November 2012 Machinery Orders

Domestic and overseas orders steady

RSS

January 16, 2013

  • Masahiko Hashimoto

Summary

◆Machinery orders (Cabinet Office [CAO]; private sector excl. those for shipbuilding and from electric utilities; leading indicator of domestic capex) posted the second monthly gain in a row in November (up 3.9% m/m), surpassing consensus expectations (up 0.3%). On a three-month moving average basis, orders saw the first gain in three months, signaling the underlying downtrend is turning around.


◆By demand source, manufacturing orders increased for the first time in two months (up 3.9% m/m). Among manufacturing orders, a substantial gain for those from the pulp & paper/paper product industry likely reflected a one-time factor, which warrants some latitude. However, advances were seen for those from a wide range of industries, such as chemicals, iron & steel, general machinery, electrical machinery, and autos/auto parts. Non-manufacturing orders (private sector excl. those for shipbuilding and from electric utilities) made the fourth consecutive monthly gain (up 6.2%). Among non-manufacturing orders, substantial gains were seen for those from the agriculture/forestry/fishery and financial/insurance industries, driving overall non-manufacturing orders. At the same time, those from the information services and real estate industries remained firm, both posting the third consecutive monthly gain in a row.
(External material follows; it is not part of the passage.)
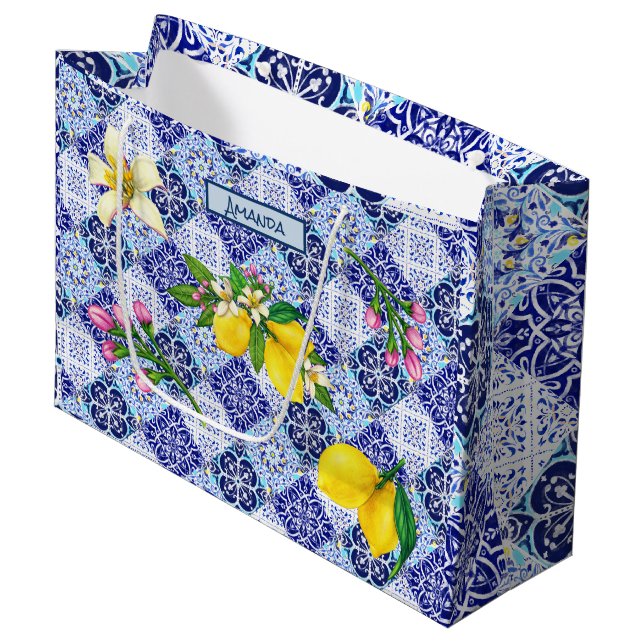 Sicilian blue Mediterranean citrus ceramic tiles  Large Gift Bag (Front Angled)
◆The CAO projects that machinery orders will increase 5.0% q/q in Oct-Dec 2012, the first gain in three quarters. To meet the projection, they have to increase 11.5% m/m in December, not an easy hurdle. However, they would see positive q/q growth in Oct-Dec even if they decline 3.1% m/m in December, making it very likely that they will turn around to positive growth. Given the tendency that machinery orders lead GDP-based capex by around three months, capex will likely begin to increase in Jan-Mar 2013. At the same time, other factors also suggest capex is likely to recover gradually. Such tailwind factors include the shift to a weaker yen of late and public support of private investment stipulated in a policy measure approved on 11 January by the Cabinet.